# I need some advice about an accident



## tiki1310 (Aug 11, 2014)

To begin with here is my Tank Set up. I have a 20 Gal tank that I Am just getting started with and have two African cichlids and one Pleco. (had a third cichlid but I got beat up and died.)

Tonight as I was just looking in the tank making sure everybody was good and Happy I notice that I had a new addition to the tank a new baby. (was not trying to breed at all) I do not know which one of my cichlids is the male and which one is the female I was not really paying that much attention.
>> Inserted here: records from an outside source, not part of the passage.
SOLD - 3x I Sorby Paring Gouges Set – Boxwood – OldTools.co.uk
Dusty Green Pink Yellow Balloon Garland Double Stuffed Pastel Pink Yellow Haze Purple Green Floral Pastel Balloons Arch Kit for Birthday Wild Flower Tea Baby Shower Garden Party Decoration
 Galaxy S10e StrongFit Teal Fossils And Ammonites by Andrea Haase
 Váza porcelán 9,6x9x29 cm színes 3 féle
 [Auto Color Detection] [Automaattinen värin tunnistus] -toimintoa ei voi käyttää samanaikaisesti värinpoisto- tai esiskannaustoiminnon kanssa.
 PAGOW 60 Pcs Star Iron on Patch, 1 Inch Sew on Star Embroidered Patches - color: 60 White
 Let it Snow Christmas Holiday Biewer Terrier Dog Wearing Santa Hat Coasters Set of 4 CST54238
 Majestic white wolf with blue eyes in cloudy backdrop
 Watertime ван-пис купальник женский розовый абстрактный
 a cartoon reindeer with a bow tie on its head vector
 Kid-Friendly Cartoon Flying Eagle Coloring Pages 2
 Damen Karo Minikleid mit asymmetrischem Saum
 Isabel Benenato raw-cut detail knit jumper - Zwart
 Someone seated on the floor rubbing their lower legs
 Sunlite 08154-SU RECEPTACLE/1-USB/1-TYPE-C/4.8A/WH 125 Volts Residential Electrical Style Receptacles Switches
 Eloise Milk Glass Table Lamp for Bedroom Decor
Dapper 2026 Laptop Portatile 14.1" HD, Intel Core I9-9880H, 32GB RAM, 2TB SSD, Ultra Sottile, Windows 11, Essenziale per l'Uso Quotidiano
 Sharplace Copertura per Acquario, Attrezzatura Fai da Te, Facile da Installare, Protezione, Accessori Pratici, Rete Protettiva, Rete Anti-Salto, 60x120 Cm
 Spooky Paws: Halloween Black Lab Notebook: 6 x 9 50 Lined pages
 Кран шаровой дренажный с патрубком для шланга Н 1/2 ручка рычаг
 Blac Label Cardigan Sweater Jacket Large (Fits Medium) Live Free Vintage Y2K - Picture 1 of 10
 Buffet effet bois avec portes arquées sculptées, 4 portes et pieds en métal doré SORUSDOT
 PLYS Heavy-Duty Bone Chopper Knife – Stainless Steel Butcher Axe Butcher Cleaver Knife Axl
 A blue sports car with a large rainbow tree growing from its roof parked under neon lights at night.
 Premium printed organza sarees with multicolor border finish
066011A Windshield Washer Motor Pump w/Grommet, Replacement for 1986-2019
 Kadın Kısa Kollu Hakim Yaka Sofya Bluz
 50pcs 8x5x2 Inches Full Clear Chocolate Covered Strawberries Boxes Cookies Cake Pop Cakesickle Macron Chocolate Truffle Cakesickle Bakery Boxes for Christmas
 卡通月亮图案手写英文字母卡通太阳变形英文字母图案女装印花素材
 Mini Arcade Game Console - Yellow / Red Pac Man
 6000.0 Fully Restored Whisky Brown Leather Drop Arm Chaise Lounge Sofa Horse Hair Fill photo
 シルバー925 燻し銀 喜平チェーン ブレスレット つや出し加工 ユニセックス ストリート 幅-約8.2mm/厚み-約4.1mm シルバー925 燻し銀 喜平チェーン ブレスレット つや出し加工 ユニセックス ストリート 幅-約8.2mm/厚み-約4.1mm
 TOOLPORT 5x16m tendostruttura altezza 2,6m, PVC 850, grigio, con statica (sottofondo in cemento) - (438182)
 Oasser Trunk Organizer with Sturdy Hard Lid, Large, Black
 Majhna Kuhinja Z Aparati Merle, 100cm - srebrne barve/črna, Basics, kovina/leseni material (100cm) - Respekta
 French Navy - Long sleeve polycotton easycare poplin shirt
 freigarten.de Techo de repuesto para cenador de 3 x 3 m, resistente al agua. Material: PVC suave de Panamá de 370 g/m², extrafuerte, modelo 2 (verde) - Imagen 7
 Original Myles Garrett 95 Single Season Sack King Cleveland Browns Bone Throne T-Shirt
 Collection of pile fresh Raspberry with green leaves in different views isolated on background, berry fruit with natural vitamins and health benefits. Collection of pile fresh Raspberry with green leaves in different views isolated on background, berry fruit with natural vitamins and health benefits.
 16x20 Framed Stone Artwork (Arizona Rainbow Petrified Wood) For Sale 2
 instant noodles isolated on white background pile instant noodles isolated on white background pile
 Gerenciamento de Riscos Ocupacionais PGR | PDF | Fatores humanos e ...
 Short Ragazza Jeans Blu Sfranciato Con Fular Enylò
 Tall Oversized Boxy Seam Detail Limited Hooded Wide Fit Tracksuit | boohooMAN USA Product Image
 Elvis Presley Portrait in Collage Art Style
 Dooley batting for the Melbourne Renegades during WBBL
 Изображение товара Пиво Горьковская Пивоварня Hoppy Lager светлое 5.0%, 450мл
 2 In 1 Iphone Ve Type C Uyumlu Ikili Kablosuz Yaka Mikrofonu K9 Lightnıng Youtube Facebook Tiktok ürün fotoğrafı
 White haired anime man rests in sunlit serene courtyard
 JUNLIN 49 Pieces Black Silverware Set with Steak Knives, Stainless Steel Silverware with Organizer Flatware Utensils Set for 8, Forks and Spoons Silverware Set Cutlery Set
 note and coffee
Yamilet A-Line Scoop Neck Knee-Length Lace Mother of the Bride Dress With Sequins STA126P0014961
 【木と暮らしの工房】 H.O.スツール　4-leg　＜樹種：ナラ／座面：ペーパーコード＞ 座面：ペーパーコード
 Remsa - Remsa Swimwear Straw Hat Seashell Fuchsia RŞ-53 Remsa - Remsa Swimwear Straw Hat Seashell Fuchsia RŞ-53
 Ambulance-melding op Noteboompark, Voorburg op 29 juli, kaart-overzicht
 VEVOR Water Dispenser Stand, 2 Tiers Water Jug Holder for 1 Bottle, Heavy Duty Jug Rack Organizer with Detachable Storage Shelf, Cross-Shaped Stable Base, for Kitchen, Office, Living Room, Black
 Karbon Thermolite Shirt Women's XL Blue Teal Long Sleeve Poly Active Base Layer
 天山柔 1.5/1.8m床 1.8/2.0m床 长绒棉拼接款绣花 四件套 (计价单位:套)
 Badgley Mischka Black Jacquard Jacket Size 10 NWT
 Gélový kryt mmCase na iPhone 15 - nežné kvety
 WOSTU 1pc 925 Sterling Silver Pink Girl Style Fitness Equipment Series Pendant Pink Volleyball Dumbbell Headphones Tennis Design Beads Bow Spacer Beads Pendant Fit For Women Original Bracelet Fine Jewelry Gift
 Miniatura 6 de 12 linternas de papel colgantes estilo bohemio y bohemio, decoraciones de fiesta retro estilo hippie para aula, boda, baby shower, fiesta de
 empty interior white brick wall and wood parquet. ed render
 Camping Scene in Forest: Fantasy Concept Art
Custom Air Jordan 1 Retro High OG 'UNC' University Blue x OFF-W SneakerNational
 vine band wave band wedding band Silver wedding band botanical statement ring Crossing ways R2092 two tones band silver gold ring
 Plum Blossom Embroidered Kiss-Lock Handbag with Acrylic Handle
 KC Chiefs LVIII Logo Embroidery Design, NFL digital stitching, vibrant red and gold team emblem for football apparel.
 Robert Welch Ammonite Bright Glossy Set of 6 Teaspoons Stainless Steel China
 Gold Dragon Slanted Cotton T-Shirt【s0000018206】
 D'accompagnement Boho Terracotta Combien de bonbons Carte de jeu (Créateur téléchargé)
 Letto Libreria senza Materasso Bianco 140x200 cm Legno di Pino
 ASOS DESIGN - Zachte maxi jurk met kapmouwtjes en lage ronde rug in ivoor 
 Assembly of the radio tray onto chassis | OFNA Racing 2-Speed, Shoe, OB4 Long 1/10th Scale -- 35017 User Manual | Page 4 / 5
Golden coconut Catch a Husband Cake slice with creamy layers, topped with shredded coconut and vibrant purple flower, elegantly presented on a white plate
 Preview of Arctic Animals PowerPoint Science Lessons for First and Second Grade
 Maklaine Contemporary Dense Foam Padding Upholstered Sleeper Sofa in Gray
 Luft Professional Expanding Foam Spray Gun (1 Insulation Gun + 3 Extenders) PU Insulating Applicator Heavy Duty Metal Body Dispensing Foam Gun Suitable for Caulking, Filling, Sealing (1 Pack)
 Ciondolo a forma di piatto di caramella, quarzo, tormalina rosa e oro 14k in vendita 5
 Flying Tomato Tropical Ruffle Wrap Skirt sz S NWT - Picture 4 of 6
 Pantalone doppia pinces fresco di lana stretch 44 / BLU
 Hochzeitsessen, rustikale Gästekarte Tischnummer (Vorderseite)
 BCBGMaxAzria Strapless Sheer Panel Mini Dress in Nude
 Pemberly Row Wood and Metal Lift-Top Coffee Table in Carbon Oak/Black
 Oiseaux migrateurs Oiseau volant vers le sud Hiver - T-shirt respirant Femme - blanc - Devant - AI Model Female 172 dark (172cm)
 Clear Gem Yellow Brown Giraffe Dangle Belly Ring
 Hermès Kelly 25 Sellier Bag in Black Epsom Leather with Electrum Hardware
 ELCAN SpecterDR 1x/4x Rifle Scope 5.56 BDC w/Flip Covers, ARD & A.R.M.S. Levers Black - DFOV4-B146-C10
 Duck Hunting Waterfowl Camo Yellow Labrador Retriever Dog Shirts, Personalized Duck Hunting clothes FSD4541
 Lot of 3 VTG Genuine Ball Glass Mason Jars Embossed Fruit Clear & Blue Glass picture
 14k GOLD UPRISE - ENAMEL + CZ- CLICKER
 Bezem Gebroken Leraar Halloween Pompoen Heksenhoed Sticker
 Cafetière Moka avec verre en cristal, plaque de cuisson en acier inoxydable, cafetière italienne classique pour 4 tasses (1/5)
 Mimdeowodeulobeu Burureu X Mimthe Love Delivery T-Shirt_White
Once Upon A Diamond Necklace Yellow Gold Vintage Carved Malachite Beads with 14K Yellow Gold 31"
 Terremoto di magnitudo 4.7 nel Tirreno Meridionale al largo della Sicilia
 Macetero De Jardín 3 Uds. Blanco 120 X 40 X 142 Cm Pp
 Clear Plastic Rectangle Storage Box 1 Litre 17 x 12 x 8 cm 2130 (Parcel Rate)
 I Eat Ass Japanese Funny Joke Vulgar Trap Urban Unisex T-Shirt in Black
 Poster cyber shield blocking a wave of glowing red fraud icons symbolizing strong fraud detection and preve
I removed the baby from the tank and am going to keep an eye out for others new little additions (NLA) The reason that I removed the baby is one of the two of my cichlids is aggressive and killed one adult already and has attacked the other one as well. (It has eaten tail fin) I need some help and advice PDQ.

Here are my Questions 
1.	How do I tell male from female
2.	How many NLA should I be watching for
3.	How do I care for mom and babies


----------



## tiki1310 (Aug 11, 2014)

I should say i think they are African.


----------



## aicardi (Sep 15, 2012)

Well, for one, the tank is too small for Africans. A 4' 55 gallon tank is pretty much minimum for any long term success.
You want 1 male 3-4 females of a species. You could do 3 species in a 55 gallon tank. Can you post pictures of what you have?


----------